For its fifth affirmative defense, Chrysler alleges that it is not liable because “the injuries and damages alleged, if any, were caused by a third party’s intentional, knowing and/or negligent misuse of the product.” Plaintiff contends that Chrysler’s fifth affirmative defense is legally insufficient because Mark Hoglund, Jr. cannot be considered a contributing cause to his injuries under the law. It is undisputed that Mark Hoglund, Jr. was three-years old at the time of the incident that caused his injuries. See Complaint 1124. Thus, it is true, as Plaintiff contends, that, under Maine law, he is non sui juris — incapable of exercising self-care as a matter of law. See Welch v. Jordan, 159 Me. 436, 194 A.2d 841, 844-45 (1963); Martin v. Atherton, 151 Me. 108, 116 A.2d 629, 631 (1955); Farrell v. Hidish, 132 Me. 57, 165 A. 903, 904 (1933); Gravel v. LeBlanc, 131 Me. 325, 162 A. 789, 790-92 (1932); Morgan v. Aroostook Valley R.R. Co., 115 Me. 171, 98 A. 628, 629 (1916). In addition, in Maine the negligence of a parent cannot be imputed to a child. See LaBier v. Pelletier, 665 A.2d 1013, 1015 (Me.1995). Accordingly, the negligent or intentional conduct, if any, of Mark Hoglund, Jr. or his parents will not bar or diminish Mark Hoglund, Jr.’s recovery under principles of comparative negligence.

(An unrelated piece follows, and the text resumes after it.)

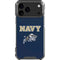 United States Naval Academy Navy Logo iPhone 17 Pro Max Clear Case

Notwithstanding the foregoing conclusion, Chrysler’s fifth affirmative defense sufficiently states an intervening cause defense which is a legally sufficient defense to a negligence claim. Despite the fact that Mark Hoglund, Jr.’s actions and those of his parents may not support a defense under the law, Chrysler may present evidence that a third person, other than Mark Hoglund Jr. or his parents, negligently or intentionally misused the Dodge Minivan. Chrysler may assert that the actions of this third party constitute a superseding intervening act which was the cause in fact of Mark Hoglund, Jr.’s injuries, thus insulating Chrysler from liability. See Ames v. Dipietro-Kay Corp., 617 A.2d 559, 561 (Me.1992). Furthermore, Chrysler may be permitted under Maine law to institute a third-party claim against Mark Hoglund, Jr.’s parents for their role in causing their son’s injuries. See La-Bier, 665 A.2d at 1015; Black v. Solmitz, 409 A.2d 634 (Me.1979). Because Chrysler’s fifth affirmative defense sufficiently states an intervening cause defense and there may be a disputed factual issue in regard to the legal defense of intervening cause, it would be inappropriate for the Court to strike the fifth affirmative defense.
Finally, the Court will grant Plaintiffs motion to strike affirmative defenses nine through twelve. The statements made in these paragraphs are arguments that pertain to evidentiary questions and are not appropriately set forth in an answer as affirmative defenses. The Court will consider all eviden-tiary issues that relate to the issue of punitive damages at trial.
Accordingly, the Court ORDERS that Plaintiffs motion to strike be, and it hereby is, DENIED in part and GRANTED in part. Upon Plaintiffs motion, the Court strikes affirmative defenses one and nine through twelve and does not strike affirmative defenses three and five.